Happy Halloween!

For the past week, the weather here in Maryland has been in the 80s. Having recently moved here, I’ve been told this is unusual for late October. And overnight, it plummeted. The high today was 50°, with it dropping further by sunset. It’s Halloween, All Hallow’s Eve, Samhain, and I’m glad to feel a brisk nip in the air. By the time the ghosts, goblins, and ghouls arrive, it should be down to 40°. Soon, it will be time to don my purple wig and pull my black wool cloak tightly around me as I step outside to light the pumpkins.

So, what is Halloween? Where do the traditions we see today come from?

In ancient times, the Celts in Gaul (modern-day Europe) and the British Isles celebrated Samhain (pronounced “sow-in” or “sav-in”), the fourth and final fire festival of the year. It marked the end of the harvest season and the beginning of the dark times, or winter. They believed the veil between the world of the living and the world of the dead was at its thinnest point. The boundaries were blurred, and spirits could cross into the mortal realm. Others believed this was a time to honor their ancestors. Either way, bonfires were lit as a symbol of warmth and protection in the coming winter. They also served to honor the dead and ward off evil forces. Sometimes, they dressed up in costumes so that evil spirits would not recognize them.
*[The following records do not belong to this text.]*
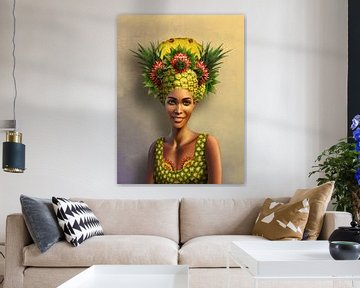 Karibische Frau mit Ananas als surreales Portrait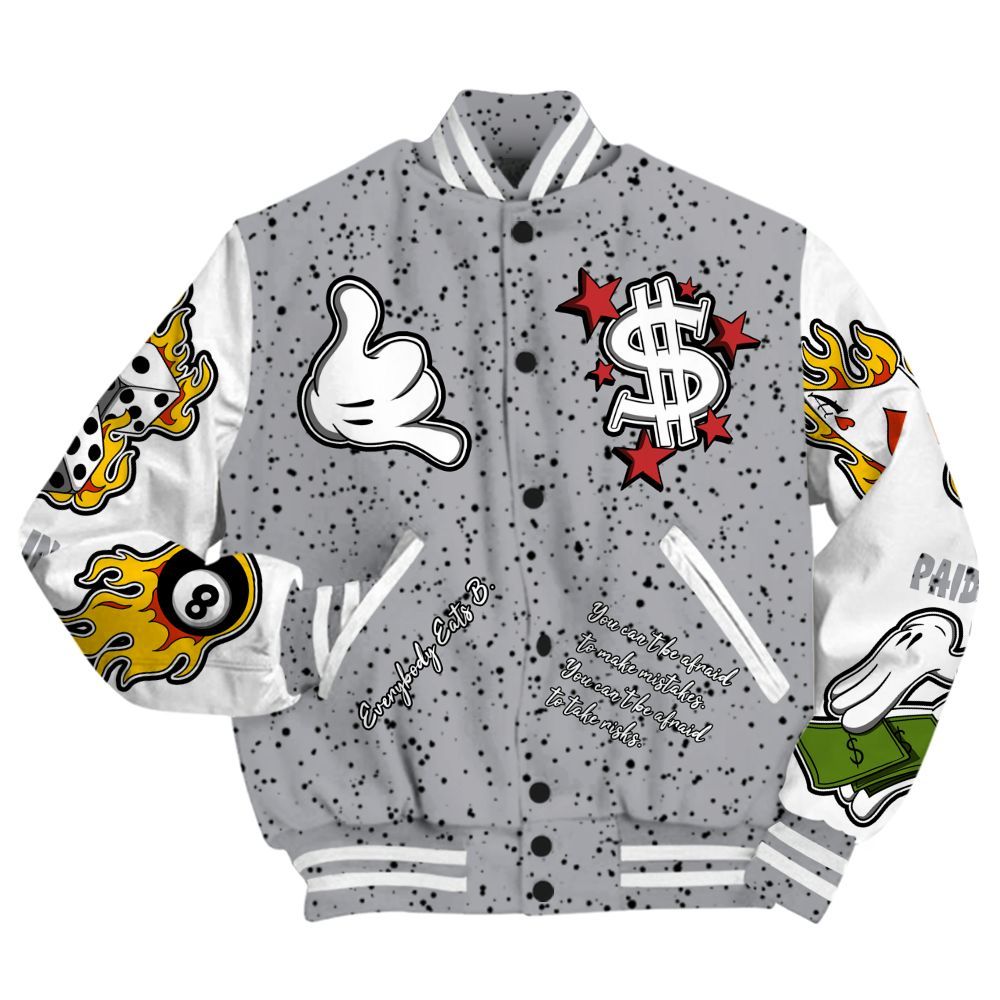 Varsity Jacket To Match White Cement 4s Shirt, Funny Everybody Paid In Full Graphic All Over Print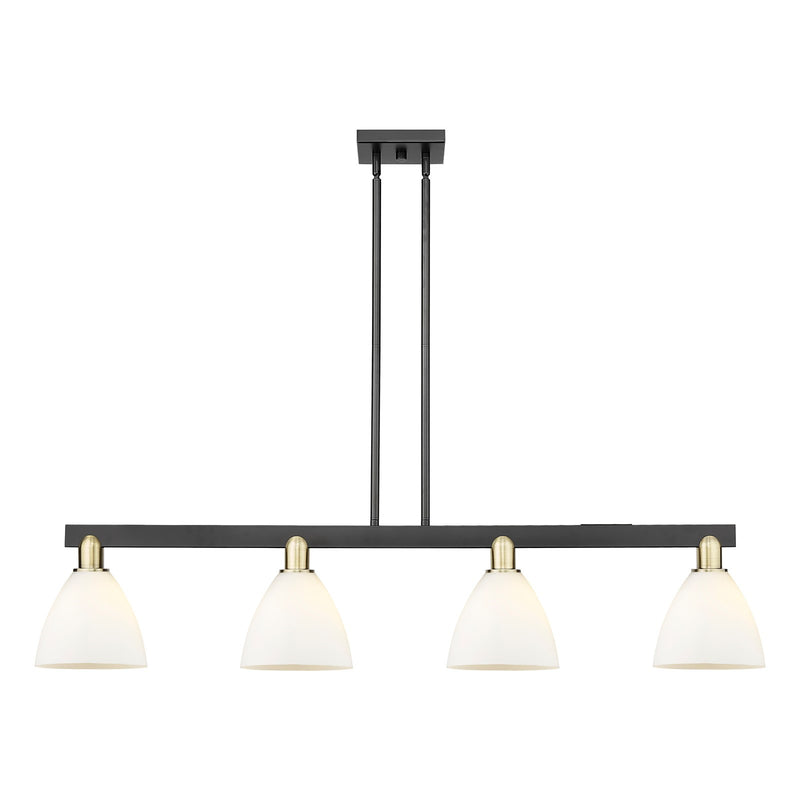 Innovations Bristol 50in 4-Light Island Light | Industrial Black Antique Brass Steel and Matte White Glass | Kitchen Island & | Model 716-4I-BAB-GBD-751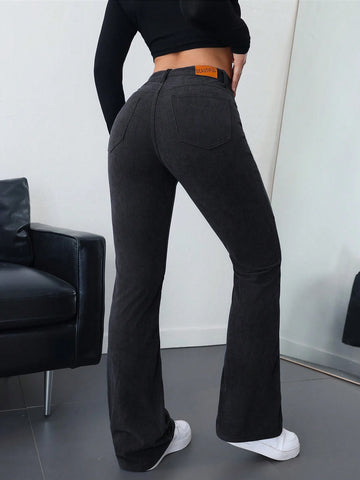 MOOSTA Letter Patched Flare Leg Corduroy Pants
It was a time for communal feasting, to share the last of the harvest’s bounty. Livestock were often slaughtered during this time. The animals that would be kept over winter were led through the smoke of the fires. They believed this would protect them from illness and predators. With the veil at its thinnest, many practiced divination, fortune-telling, and dream interpretation to see what the future held for the local folk.

The people made offerings to the ancestors, and places were set at the table for them. In some areas, the families left meals outside for them when they returned home from the festivities. Embers from the bonfires were taken home to reignite the hearth fires. These were often placed in a hollowed-out gourd. They lit candles and said blessings to ensure the household survived the winter until springtime arrived again.

As the Romans moved into the Celtic territories, they adopted some of these practices in worshipping their own gods. Feralia, a Roman festival, honors their dead as well as the goddess Pomona, the goddess of fruit. While bobbing for apples may have originated in Celtic civilizations, the Romans incorporated it in their celebrations of the goddess. While Feralia typically takes place in February, many rituals echo those of the ancient Celtic Samhain.

In the 7th century, the Christian Church began to replace these pagan celebrations with holidays of their own. November 1st became known as All Saints’ Day to honor the saints. They incorporated the ancient practices of keeping the ancestors’ memories alive by also calling it All Souls Day. The evening before became known as All Hallow’s Eve, a celebration of the recently departed.

In Scotland, children traditionally practice “guising.” People paraded around in costumes to protect their identities from the spirits that wandered the streets. They would be safe from harm if they blended in with the demons. They performed tricks or sang songs for which they were rewarded with a treat to protect them further from evil spirits.

Irish and Scottish ancestors immigrating to America brought their customs with them. That included the belief in witches, spirits, and ghosts. Today, carving a ghoulish pumpkin can be traced back to the ancient families taking a bit of the bonfire home in a carved-out gourd for protection against evil spirits.

Native Americans had their own autumn festivals and traditions that varied by tribe. One of the more common was the Green Corn Festival, celebrated along the Eastern seaboard. Typically, it takes place in the autumn when the corn is harvested and involves feasting and dancing. The central theme is renewing their ties with the land, focusing on uniting the community. Natives throughout the United States celebrate the harvest with traditional dances, music, and ceremonies to give thanks for what the land has provided and to seek blessings for the coming year.

Immigrants from other countries had their practices as well. Since I recently left Germany, I would be remiss not to mention my home of the last few years. Germans have only recently begun to embrace the American holiday of Halloween, but everyone has heard of the autumn celebration of Oktoberfest. But did you know that officially, this is only celebrated in Munich? The festival began as the wedding celebration of Crown Prince Ludwig and Princess Therese of Saxony-Hildburghausen on October 12, 1810. It took place on the fields in front of the gates to the city, and the citizens of Munich were invited to share in the festivities. The gala included horse racing, feasting, and, of course, beer. While only the festival in Munich can claim the name, this does not mean each town does not host its own beer festival, complete with beer, bratwurst, and oompah bands!

Over time, each of these customs combined to create a unique American holiday known as Halloween. While many of the celebrations today have become commercialized, such as trick-or-treating, wearing costumes, carving pumpkins, bobbing for apples, and others that exist today, it is easy to see the roots of these activities stemming from a rich tapestry of cultural beliefs.